More Proof That Publish America Is Bad News for Writers
People who have seen me natter on in chat know that I am no fan of Publish America. While authors don't have to pay a fee to get published with Publish America, I think that in many cases, they would be better served by self-publishing, or yes, even going with a reputable vanity publisher, as that would give them more control over their book. Also, I think that a large number of their authors would be better served by working on their writing until it's just right and submitting it to legitimate agents or publishers instead.
On Sunday, the Washington Post published an article on Publish America
. This article appeared in their Bookworld section. While the article did include quotes from people on all sides of the issue, Publish America did not exactly come out smelling like roses.

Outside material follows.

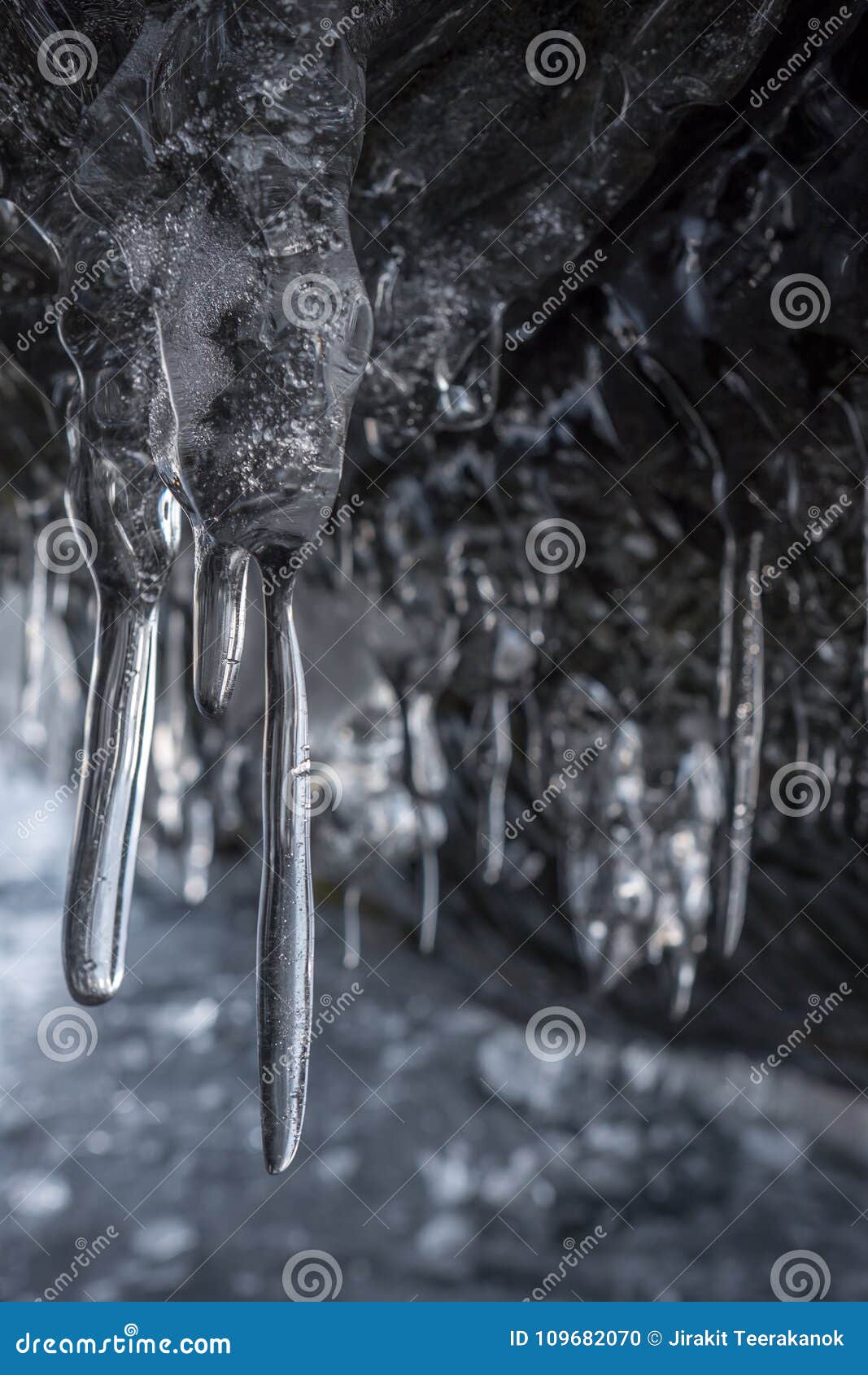 Dark And Scary Branches Of Icicles In The A Cave Several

If you're even considering signing up with Publish America, read the Washington Post article first. And after that experience, if you're still considering signing up with this company, read the rebuttal and ask yourself if you want to trust your book to these people. If that doesn't work, go out for a long walk to clear your head. Also, make yourself familiar with the PA thread on the Absolute Write message board.
Oh, there was also a somewhat more "pro-PA" (relatively speaking) article by AP reporter Hillel Italie, available here
. Even though this article was (in comparison) more positive, Publish America put up a rebuttal
, which had publishing industry professionals rolling in the aisles and some people calling their lawyers.
PA also put up a rebuttal to the Washington Post article, which you can read here
. They decided to title their rebuttal "Thank you for the national press attention!" Riiiight. This same weekend, a blizzard got national press attention, but I don't think many people equate blizzards with positive news! It should go without saying that this rebuttal is full of doo-doo.
Just a hint in case you misunderstand what PA is claiming about some of these authors. Their concept of "fraud" involves submitting a purposely bad manuscript to a publisher. This is not
fraud. If it were, I and several of my coworkers would be in jail now because of the wretched poem we submitted to Poetry.com. (It was so bad we would've gotten 20 years!) Publishers get bad manuscripts in the mail all the time. Real
publishers bother reading those submissions to find out which ones suck eggs.